> [What is required]
Return the lines of the material below exactly, beginning with the line that has "Mexen Vito Granitspüle" in it and finishing with the line that has "Adjustable Wrench Stainless" in it. Leave all pictures aside.

> [Excerpted data]
※

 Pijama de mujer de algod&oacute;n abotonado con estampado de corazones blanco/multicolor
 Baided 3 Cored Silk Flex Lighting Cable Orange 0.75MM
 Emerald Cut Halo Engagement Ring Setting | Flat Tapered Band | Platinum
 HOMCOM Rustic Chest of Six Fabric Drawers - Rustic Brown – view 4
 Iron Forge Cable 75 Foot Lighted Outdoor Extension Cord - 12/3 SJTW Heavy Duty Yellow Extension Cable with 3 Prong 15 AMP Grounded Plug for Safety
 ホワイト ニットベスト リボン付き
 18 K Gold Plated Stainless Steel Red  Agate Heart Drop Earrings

※

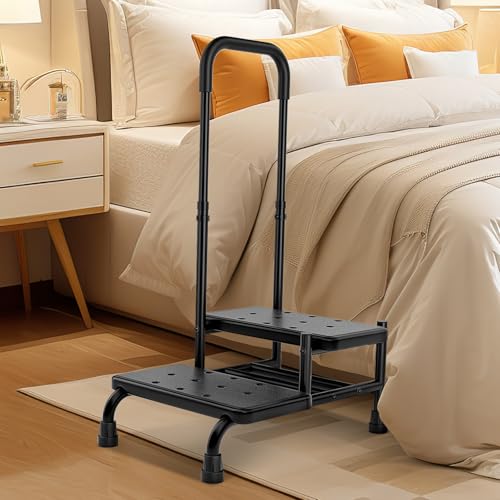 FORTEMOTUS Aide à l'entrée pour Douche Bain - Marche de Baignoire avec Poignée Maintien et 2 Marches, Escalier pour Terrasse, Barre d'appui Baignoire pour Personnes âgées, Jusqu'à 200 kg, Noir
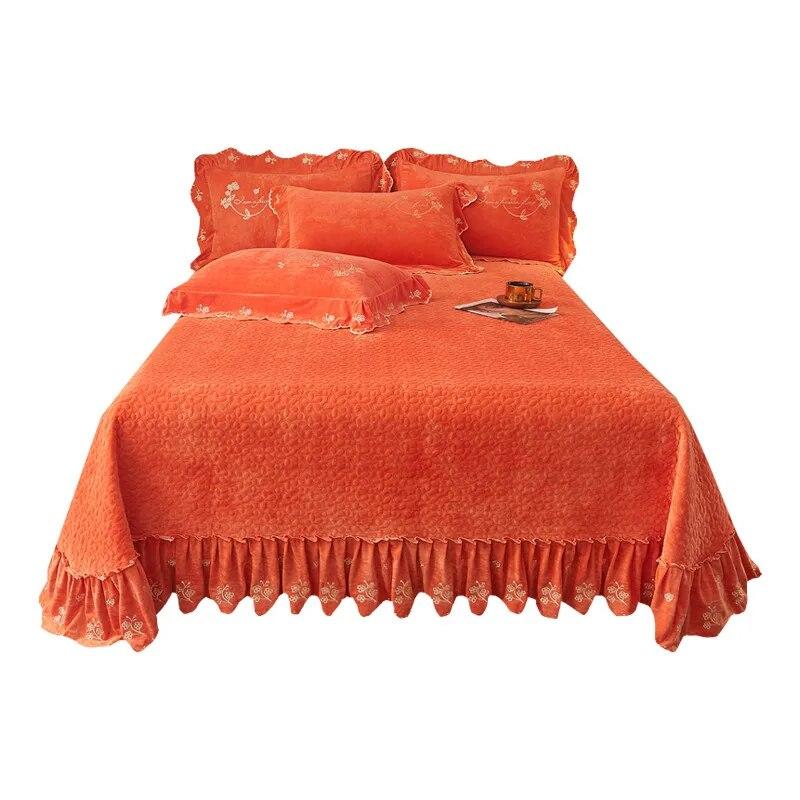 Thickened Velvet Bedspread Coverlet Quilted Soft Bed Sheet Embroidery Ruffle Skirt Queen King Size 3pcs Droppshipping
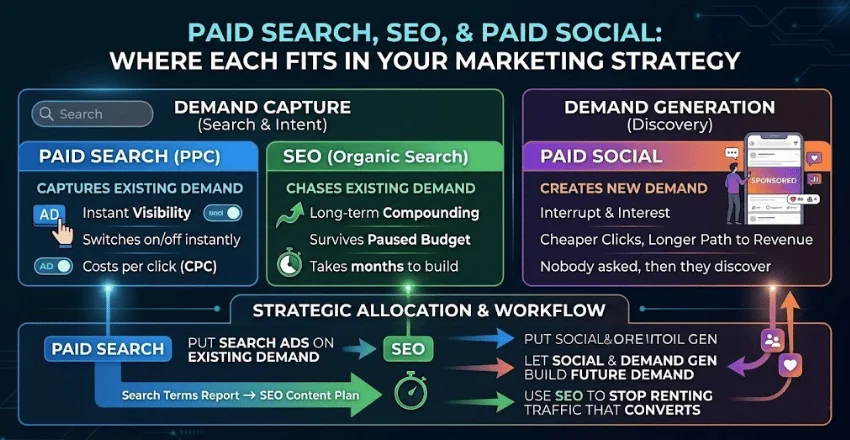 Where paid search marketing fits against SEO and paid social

※

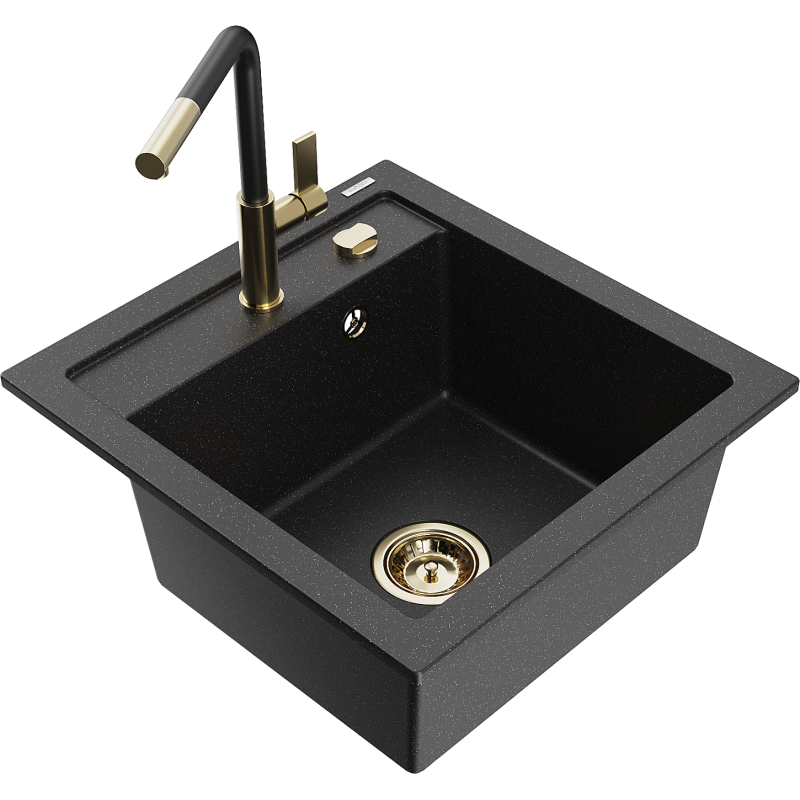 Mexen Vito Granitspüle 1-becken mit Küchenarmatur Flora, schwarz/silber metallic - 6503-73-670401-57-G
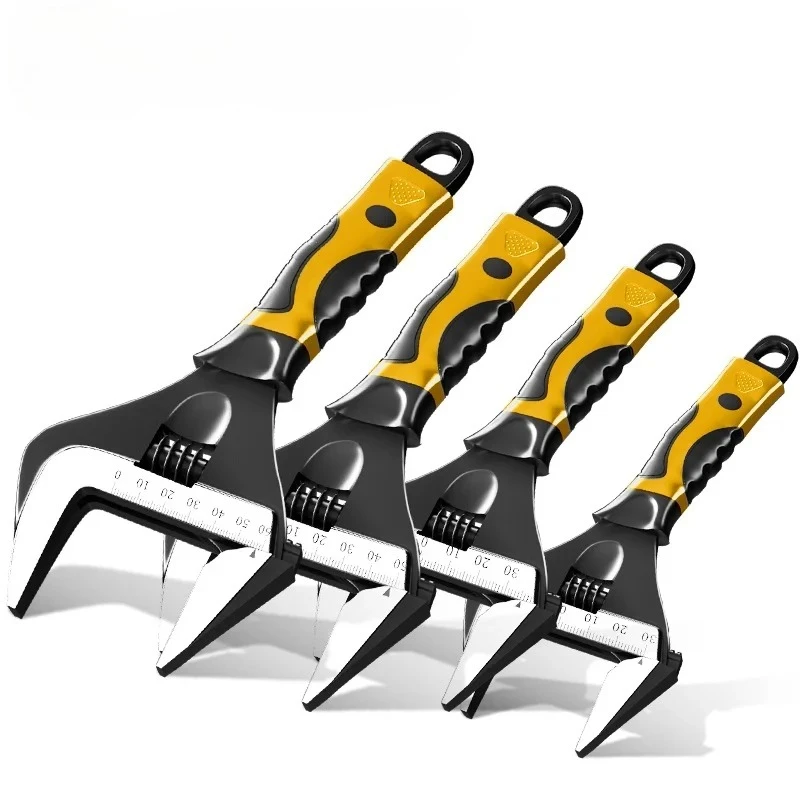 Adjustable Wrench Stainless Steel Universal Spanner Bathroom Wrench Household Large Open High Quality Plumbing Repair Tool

※

> [Written response]
 Mexen Vito Granitspüle 1-becken mit Küchenarmatur Flora, schwarz/silber metallic - 6503-73-670401-57-G
 Adjustable Wrench Stainless Steel Universal Spanner Bathroom Wrench Household Large Open High Quality Plumbing Repair Tool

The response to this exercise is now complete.